Veteran Organized Crime Investigator Targeted in FBI Probe

A long-time organized crime investigator in Oakland is the target of a federal investigation of racketeering and extortion, NBC Bay Area has learned.

Retired Oakland police Lt. Harry Hu recently quit his job as an Alameda County District Attorney Office inspector amid what sources described as a lengthy FBI probe into suspected corruption.

Veteran investigators describe Hu as a legendary Asian gang investigator who was a first member of the Oakland Police Department’s gang task force.

Hu was even deputized as an FBI agent as he probed Asian gangs in Oakland and San Francisco back in the 1990s.

In a 2010 radio interview with KALW radio in San Francisco, Hu recalled his work targeting the Wo Hop To, which had formed in Oakland’s Chinatown at the time.

The gang was suspected back in 1991 of going door to door to extort victims, Hu said in the interview, which prompted federal intervention.
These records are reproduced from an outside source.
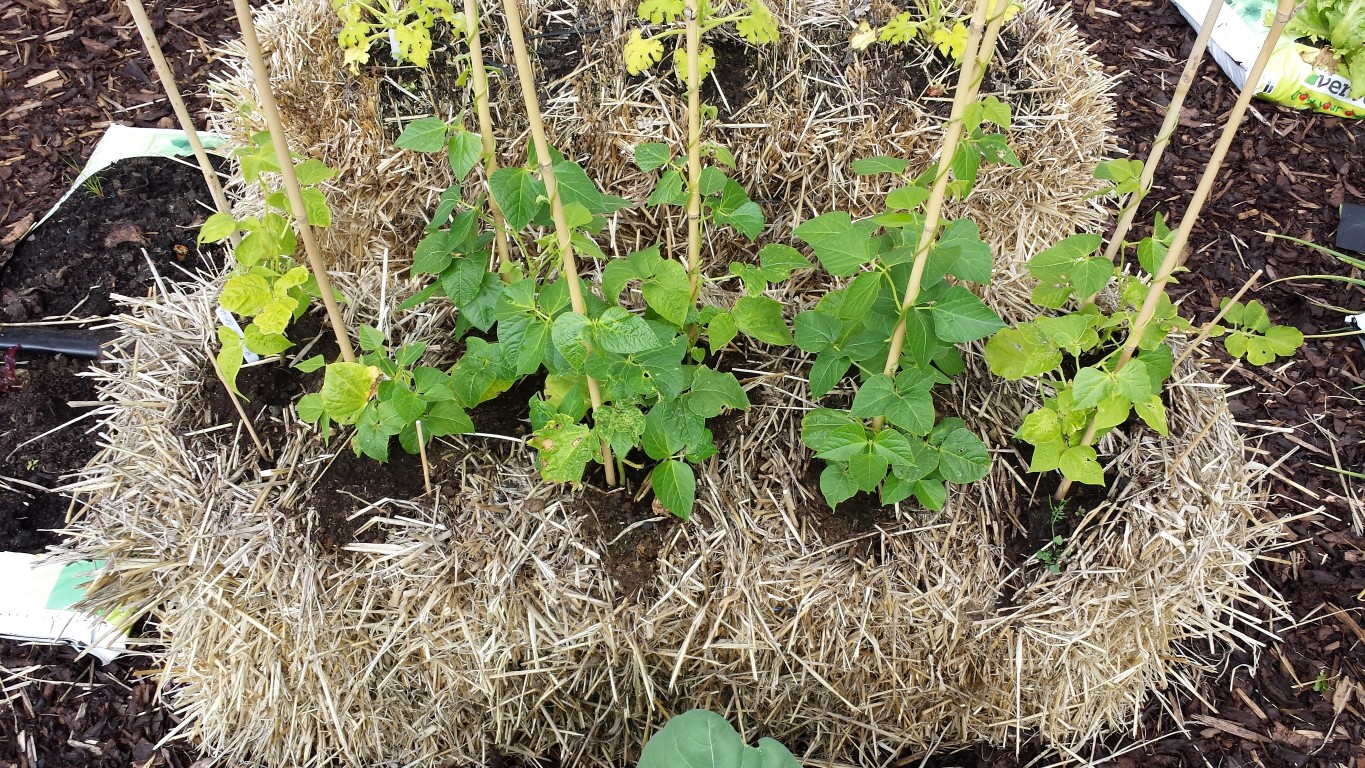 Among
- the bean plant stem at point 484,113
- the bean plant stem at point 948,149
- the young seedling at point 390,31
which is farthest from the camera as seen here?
the young seedling at point 390,31

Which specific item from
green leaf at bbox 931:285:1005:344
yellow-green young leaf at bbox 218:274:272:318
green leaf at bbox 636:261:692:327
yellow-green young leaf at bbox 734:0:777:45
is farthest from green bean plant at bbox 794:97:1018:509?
yellow-green young leaf at bbox 218:274:272:318

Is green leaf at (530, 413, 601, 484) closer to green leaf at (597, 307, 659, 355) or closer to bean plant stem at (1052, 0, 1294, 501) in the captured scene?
green leaf at (597, 307, 659, 355)

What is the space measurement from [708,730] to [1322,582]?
186 centimetres

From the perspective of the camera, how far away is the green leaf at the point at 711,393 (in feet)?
5.78

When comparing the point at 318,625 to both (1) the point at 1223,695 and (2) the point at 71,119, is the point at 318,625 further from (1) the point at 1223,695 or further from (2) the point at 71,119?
(2) the point at 71,119

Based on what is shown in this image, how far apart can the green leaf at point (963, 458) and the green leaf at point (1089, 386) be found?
0.20 meters

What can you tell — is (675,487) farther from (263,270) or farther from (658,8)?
(658,8)

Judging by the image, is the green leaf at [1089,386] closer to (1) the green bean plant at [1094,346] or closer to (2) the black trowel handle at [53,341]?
(1) the green bean plant at [1094,346]

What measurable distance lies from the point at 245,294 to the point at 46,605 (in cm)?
126

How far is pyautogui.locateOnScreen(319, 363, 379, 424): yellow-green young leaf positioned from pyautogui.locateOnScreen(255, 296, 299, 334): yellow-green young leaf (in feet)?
0.38

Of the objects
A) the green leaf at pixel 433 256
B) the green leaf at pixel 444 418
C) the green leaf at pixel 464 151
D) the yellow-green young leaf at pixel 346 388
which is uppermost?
the green leaf at pixel 464 151

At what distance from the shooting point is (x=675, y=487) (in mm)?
1770

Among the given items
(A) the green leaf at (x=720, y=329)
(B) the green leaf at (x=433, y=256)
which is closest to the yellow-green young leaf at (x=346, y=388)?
(B) the green leaf at (x=433, y=256)

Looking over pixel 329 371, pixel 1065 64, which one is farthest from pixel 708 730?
pixel 1065 64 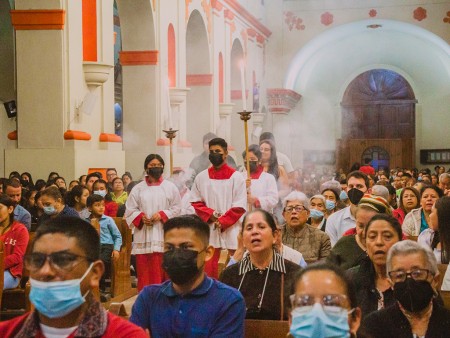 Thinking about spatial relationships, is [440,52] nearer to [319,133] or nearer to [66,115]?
[319,133]

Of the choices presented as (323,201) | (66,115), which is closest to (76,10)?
(66,115)

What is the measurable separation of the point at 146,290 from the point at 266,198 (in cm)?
494

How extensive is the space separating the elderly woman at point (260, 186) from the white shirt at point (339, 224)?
48.6 inches

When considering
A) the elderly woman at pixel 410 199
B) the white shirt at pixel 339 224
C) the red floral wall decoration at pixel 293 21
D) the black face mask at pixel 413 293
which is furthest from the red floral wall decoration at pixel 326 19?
the black face mask at pixel 413 293

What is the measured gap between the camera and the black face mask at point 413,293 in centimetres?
389

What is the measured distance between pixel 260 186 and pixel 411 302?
5.34 metres

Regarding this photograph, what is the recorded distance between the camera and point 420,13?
1139 inches

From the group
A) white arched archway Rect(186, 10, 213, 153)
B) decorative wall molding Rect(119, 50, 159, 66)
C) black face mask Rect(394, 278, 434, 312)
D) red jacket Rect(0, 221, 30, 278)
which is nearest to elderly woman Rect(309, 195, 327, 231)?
red jacket Rect(0, 221, 30, 278)

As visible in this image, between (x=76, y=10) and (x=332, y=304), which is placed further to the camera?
(x=76, y=10)

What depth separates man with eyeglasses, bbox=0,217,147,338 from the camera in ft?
9.44

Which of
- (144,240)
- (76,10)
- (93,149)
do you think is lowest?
(144,240)

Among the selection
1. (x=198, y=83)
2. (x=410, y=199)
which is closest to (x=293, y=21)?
(x=198, y=83)

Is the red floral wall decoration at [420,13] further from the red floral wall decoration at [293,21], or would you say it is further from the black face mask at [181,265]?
the black face mask at [181,265]

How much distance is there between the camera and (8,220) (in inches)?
292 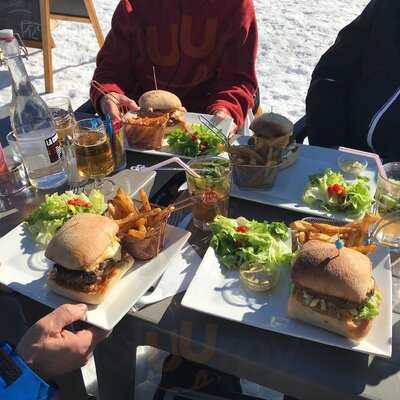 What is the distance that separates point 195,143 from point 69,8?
3.94m

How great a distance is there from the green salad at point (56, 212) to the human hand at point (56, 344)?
1.29 feet

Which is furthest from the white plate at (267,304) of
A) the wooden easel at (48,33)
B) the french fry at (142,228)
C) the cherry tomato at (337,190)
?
the wooden easel at (48,33)

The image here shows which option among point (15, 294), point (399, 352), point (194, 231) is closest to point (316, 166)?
point (194, 231)

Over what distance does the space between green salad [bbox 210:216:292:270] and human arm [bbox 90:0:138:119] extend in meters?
1.48

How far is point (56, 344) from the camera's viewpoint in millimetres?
1328

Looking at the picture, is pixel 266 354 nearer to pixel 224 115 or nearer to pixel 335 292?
pixel 335 292

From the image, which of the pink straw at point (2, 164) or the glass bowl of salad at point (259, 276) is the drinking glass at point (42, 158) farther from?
the glass bowl of salad at point (259, 276)

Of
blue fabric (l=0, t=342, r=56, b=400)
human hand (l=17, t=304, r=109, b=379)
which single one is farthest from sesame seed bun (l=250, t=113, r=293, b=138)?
blue fabric (l=0, t=342, r=56, b=400)

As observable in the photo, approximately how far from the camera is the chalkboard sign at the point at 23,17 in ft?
16.2

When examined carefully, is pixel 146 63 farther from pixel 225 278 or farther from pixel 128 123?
pixel 225 278

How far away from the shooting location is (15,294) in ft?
5.00

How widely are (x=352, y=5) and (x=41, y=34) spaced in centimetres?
492

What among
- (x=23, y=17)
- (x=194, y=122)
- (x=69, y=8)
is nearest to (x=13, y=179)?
(x=194, y=122)

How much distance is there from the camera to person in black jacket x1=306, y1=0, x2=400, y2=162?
→ 2.48m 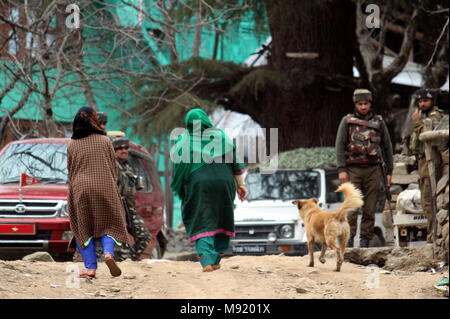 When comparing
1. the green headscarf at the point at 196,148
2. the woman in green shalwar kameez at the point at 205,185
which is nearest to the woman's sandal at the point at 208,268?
the woman in green shalwar kameez at the point at 205,185

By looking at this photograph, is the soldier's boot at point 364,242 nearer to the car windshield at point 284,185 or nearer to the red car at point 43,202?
the car windshield at point 284,185

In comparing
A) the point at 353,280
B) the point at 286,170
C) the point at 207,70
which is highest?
the point at 207,70

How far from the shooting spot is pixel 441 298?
6.30 metres

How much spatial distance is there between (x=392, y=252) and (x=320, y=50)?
781cm

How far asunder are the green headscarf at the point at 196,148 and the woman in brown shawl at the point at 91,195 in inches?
31.6

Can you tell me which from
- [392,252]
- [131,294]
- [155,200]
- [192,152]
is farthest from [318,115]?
[131,294]

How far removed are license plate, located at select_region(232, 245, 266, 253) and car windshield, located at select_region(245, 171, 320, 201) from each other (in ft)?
3.26

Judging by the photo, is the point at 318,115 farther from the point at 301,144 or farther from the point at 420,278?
the point at 420,278

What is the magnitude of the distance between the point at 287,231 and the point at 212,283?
567cm

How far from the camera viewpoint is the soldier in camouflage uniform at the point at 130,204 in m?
9.99

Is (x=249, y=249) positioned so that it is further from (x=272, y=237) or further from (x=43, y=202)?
(x=43, y=202)

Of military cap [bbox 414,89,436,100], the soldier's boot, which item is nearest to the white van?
the soldier's boot

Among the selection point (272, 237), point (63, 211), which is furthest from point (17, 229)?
point (272, 237)

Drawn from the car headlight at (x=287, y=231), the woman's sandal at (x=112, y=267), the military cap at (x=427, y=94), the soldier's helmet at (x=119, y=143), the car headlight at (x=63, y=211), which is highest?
the military cap at (x=427, y=94) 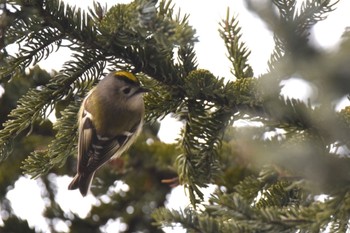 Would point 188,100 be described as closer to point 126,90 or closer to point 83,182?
point 126,90

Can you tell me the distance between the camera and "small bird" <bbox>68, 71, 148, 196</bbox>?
2533 millimetres

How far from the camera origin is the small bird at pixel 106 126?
8.31 ft

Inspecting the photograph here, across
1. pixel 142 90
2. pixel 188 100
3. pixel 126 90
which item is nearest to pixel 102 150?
pixel 126 90

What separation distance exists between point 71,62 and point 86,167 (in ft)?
3.25

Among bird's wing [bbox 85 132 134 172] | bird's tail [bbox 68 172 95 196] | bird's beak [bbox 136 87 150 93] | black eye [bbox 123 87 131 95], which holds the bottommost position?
bird's tail [bbox 68 172 95 196]

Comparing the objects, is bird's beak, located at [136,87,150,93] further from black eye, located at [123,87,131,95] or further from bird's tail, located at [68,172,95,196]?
bird's tail, located at [68,172,95,196]

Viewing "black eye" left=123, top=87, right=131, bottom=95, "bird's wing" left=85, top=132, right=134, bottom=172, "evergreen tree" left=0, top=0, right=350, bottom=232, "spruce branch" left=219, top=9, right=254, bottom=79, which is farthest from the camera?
"bird's wing" left=85, top=132, right=134, bottom=172

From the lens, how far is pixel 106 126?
9.12 feet

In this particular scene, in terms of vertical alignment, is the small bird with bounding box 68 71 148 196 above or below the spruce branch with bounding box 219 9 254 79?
below

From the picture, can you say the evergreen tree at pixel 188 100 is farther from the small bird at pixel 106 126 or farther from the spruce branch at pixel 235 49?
the small bird at pixel 106 126

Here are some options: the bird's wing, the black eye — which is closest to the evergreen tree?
the black eye

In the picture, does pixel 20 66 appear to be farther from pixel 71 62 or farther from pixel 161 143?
pixel 161 143

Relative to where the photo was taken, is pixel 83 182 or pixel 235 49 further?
pixel 83 182

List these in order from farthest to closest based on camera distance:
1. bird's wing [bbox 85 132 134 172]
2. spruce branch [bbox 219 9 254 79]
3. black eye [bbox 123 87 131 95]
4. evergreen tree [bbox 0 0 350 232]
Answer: bird's wing [bbox 85 132 134 172], black eye [bbox 123 87 131 95], spruce branch [bbox 219 9 254 79], evergreen tree [bbox 0 0 350 232] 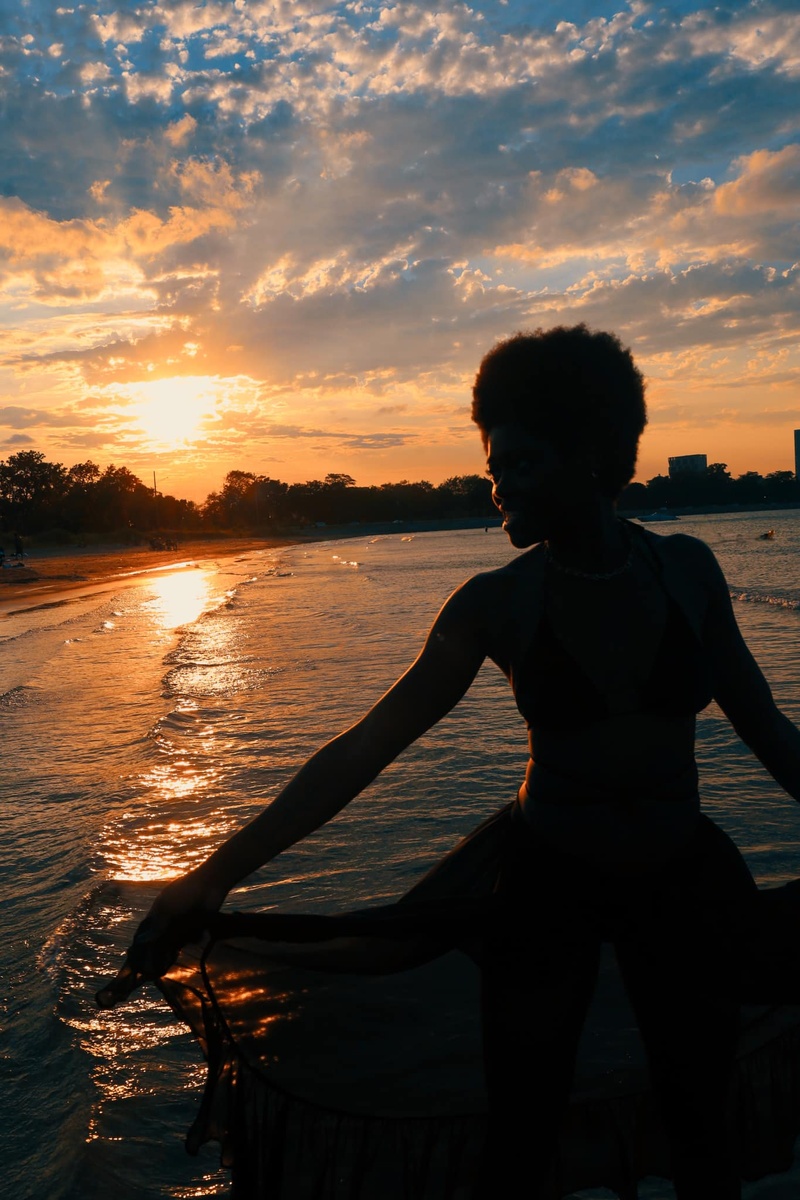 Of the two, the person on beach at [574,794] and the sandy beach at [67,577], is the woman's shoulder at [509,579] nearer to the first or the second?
the person on beach at [574,794]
“We were deputized as federal agents for the FBI. So we cross-designated and we could literally go anywhere, you know, within the U.S. and we would have authority as a federal agent,” Hu said in the radio interview.

After retiring in 2006, Hu worked for more than a decade helping Alameda County prosecutors build high profile cases as an inspector for the District Attorney’s office.

Teresa Drenick, spokeswoman for that office, had no comment other than to confirm Hu’s recent departure.

“He is no longer employed at the office,” she said.

Sources say that federal authorities began to suspect Hu based on evidence gathered from a lengthy wiretap investigation into the notorious Asian gang figure, Raymond “Shrimp Boy” Chow.

Chow is now serving life for racketeering and for arranging the murder in San Francisco of a Chinatown rival, Allen Leung, back in 2006.

Sources say federal authorities believe that Hu may have known in advance of the attack on Leung, which allowed Chow to take over as the “Dragon Head” of a tong, or fraternal organization, in San Francisco’s Chinatown.

Hu’s lawyer did not respond to requests for comment.

Editor’s note: This story initially included a video that incorrectly identified another person as former inspector Harry Hu. The photo, and video, have now been corrected and updated.